Mais un décret publié ce vendredi 10 février oblige les policiers, à compter du 1er mars 2017, à activer, dès qu'ils seront en situation, la caméra. "Parfois, vous contrôlez une personnalité qui n'a pas forcément envie d'être filmée. (...) Et là vous créez un incident parce que la personne n'a pas forcément envie d'être filmée, tandis qu'avec le déclenchement à l'initiative de l'agent, vous pouvez ne pas déclencher si la personne en face se comporte normalement et ne veut pas être filmée", argue Jean-Claude Delage, opposé à la systématisation du dispositif. 

Des résultats avérés

"Je pense que cela jette encore une fois la suspicion sur les agents", estime-t-il. "Ça ne va calmer personne, ni ceux qui vont être en face lorsqu'ils sont contrôlés - que ce soit dans un quartier difficile ou un quartier dit bourgeois - ni les policiers, qui se sentiront suspectés", poursuit-il. "Alliance police nationale a été dans la vigilance par rapport à ce dispositif, mais favorable. Ça a commencé en 2013 dans les zones de sécurité prioritaires. Nous avions la maîtrise et ça a fait baisser, en effet, le nombre de conflits. C'est utile. Les policiers ne se sont pas sentis suspectés parce qu'ils avaient la maîtrise du déclenchement et puis finalement les choses se sont bien passées", raconte le secrétaire générale d'Alliance, qui aurait voulu "laisser le système comme il était, ça se passait très bien". 

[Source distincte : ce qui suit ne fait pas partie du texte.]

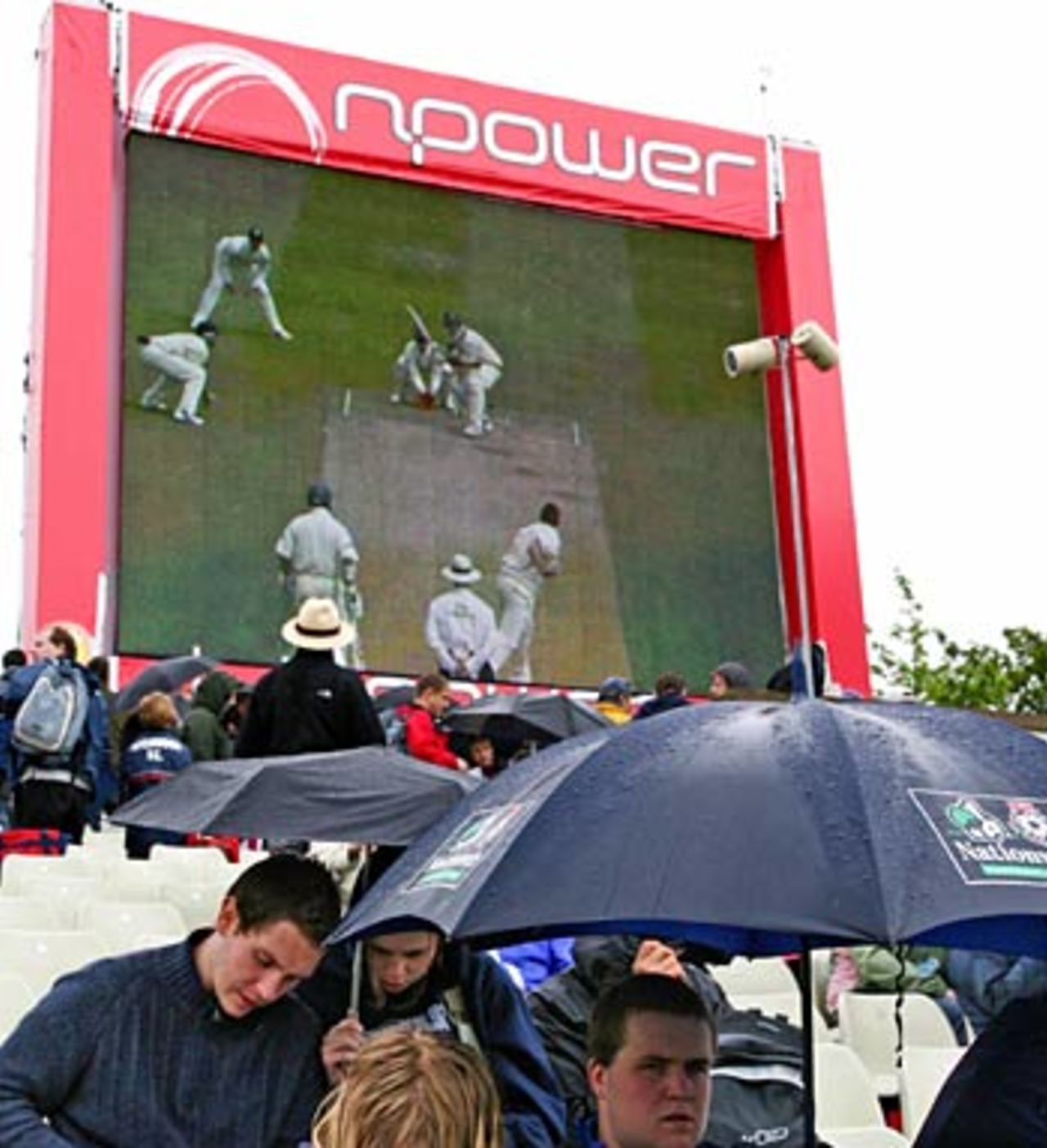 No play before lunch on the third day at Edgbaston, leaving the crowd to watch replays on the big screen, England v Sri Lanka, 2nd Test, Edgbaston, May 27, 2006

À propos de l'affaire Théo, "il y a ceux qui a priori savent tout avant que l'enquête soit terminée", estime Jean-Claude Delage. "Les policiers n'ont pas vocation sur le terrain à aller mal se comporter ou à contrôler telle ou telle personne issue de telle ou telle origine. La police elle est républicaine, diverse, variée. Il y a des policiers de couleur, des policiers blancs, et ils font leur travail dans les règles de déontologie et s'il ne le font pas, ils sont sanctionnés", poursuit-il.